Green or Fast? Learning to Balance Cold Starts and Idle Carbon in Serverless Computing

TL;DR

This paper introduces LACE-RL, a deep reinforcement learning framework that dynamically balances cold-start latency and idle carbon emissions in serverless computing, adapting to real-time conditions.

Contribution

LACE-RL is the first to formulate serverless pod retention as a sequential decision problem using deep RL, optimizing both latency and carbon emissions jointly.

Findings

Reduces cold starts by 51.69% compared to static policies.

Cuts idle keep-alive carbon emissions by 77.08%.

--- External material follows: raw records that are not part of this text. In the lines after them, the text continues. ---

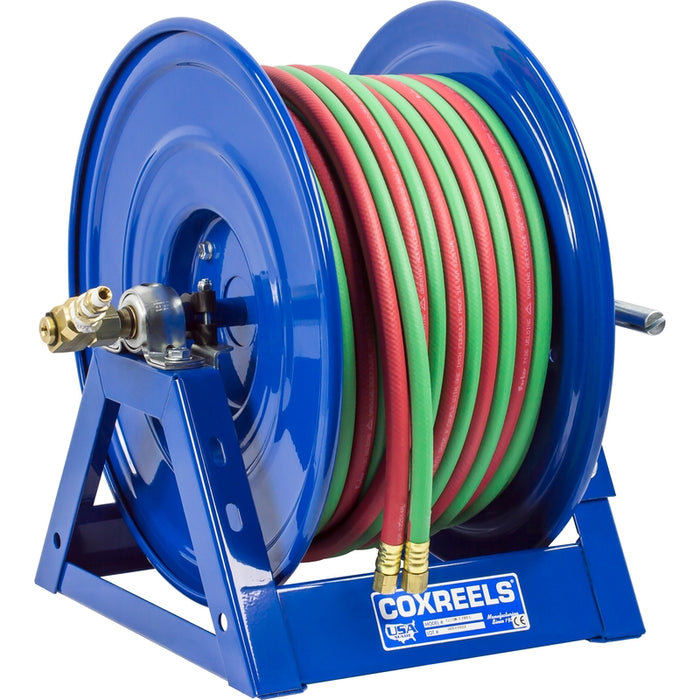 Coxreels 1275W Series Bevel Geared Hand Crank Welding Dual Hose Reel 3/8 in. x 100 ft. oxy-acet - Hose Included Model 1275W-3-100-C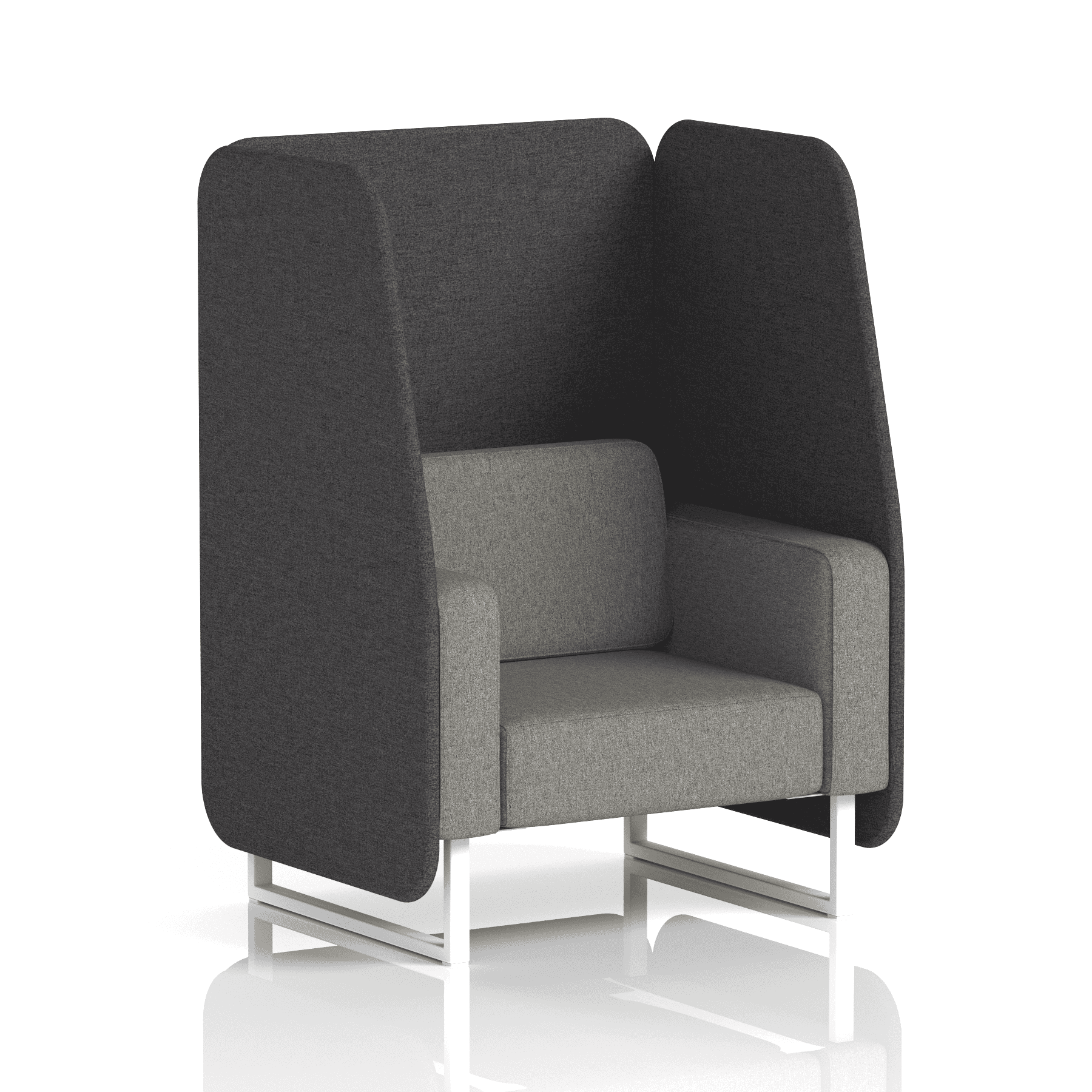 Brixworth Open Booth With White Legs in Two Tone 2 Seater Crucible Panels And Prime Sofa Band 1 - Rivet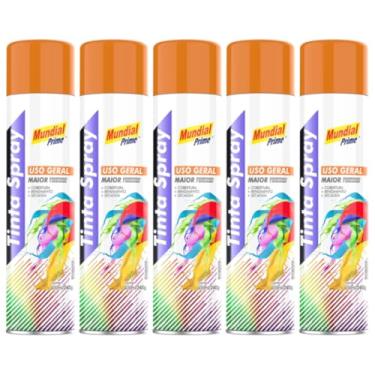 Imagem de Kit 5 Tinta Aerossol Spray Laranja Uso Geral 400ml/240g Mundial Prime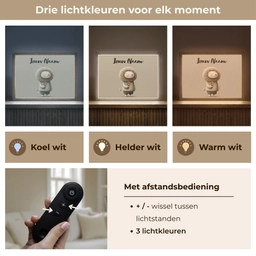 Leeuw - Oranje bloemen - Vriendelijk Light Box met batterij (Wandlamp kind) middel -USP_lichtkleurNL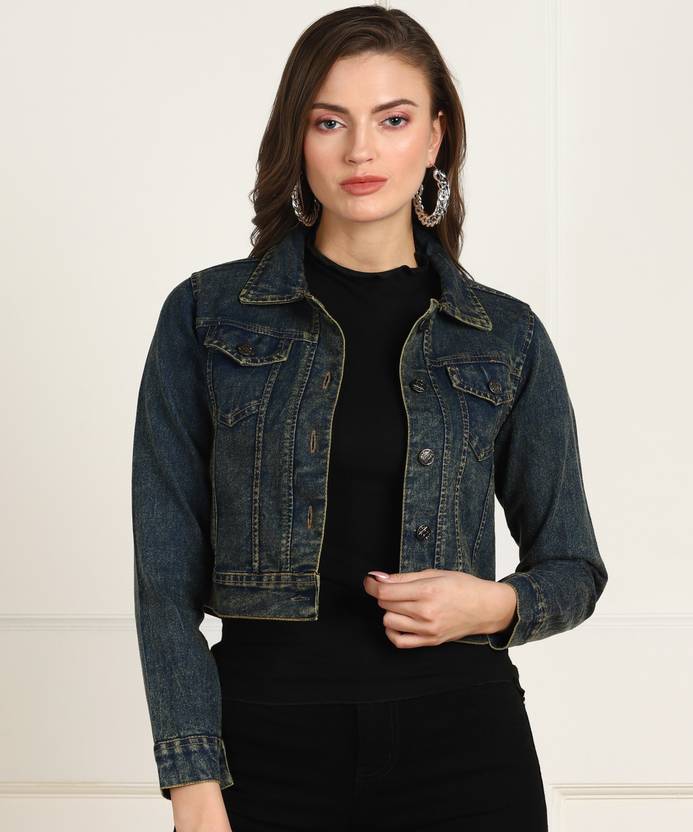 [Sizes S, M, L, XL] MONTREZ Women Washed Denim Jacket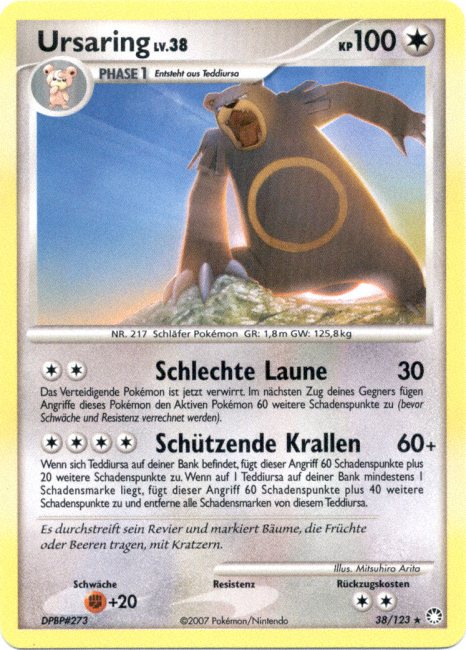 Ursaring 38 — Mysterious Treasures (German Pokémon TCG card)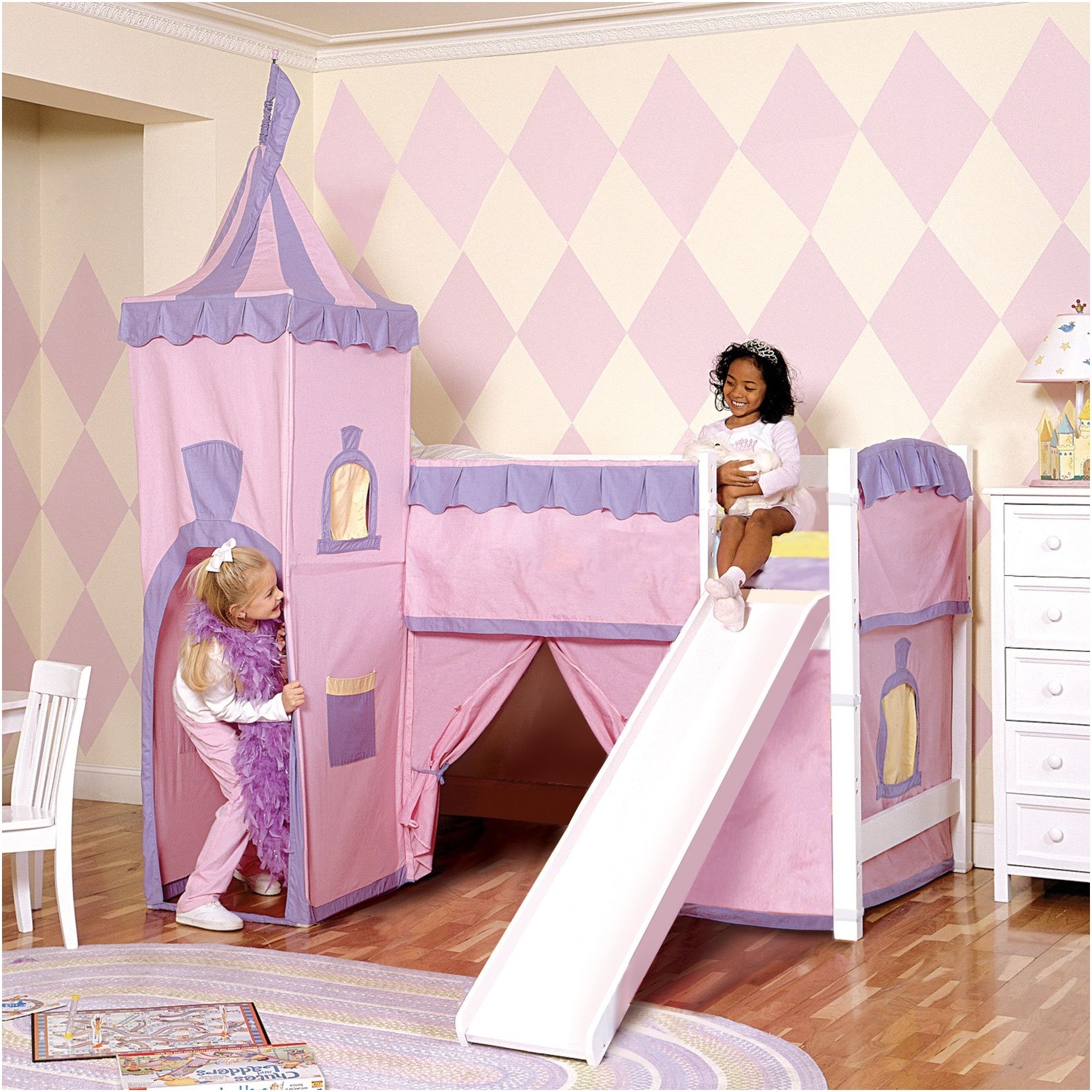 Bunk bed with slide and tent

Achieves better latency-carbon trade-offs than existing heuristics.

Abstract

Serverless computing simplifies cloud deployment but introduces new challenges in managing service latency and carbon emissions. Reducing cold-start latency requires retaining warm function instances, while minimizing carbon emissions favors reclaiming idle resources. This balance is further complicated by time-varying grid carbon intensity and varying workload patterns, under which static keep-alive policies are inefficient. We present LACE-RL, a latency-aware and carbon-efficient management framework that formulates serverless pod retention as a sequential decision problem. LACE-RL uses deep reinforcement learning to dynamically tune keep-alive durations, jointly modeling cold-start probability, function-specific latency costs, and real-time carbon intensity. Using the Huawei Public Cloud Trace, we show that LACE-RL reduces cold starts by 51.69% and idle keep-alive carbon emissions by 77.08% compared to Huawei's static policy, while achieving better latency-carbon trade-offs than state-of-the-art heuristic and single-objective baselines, approaching Oracle performance.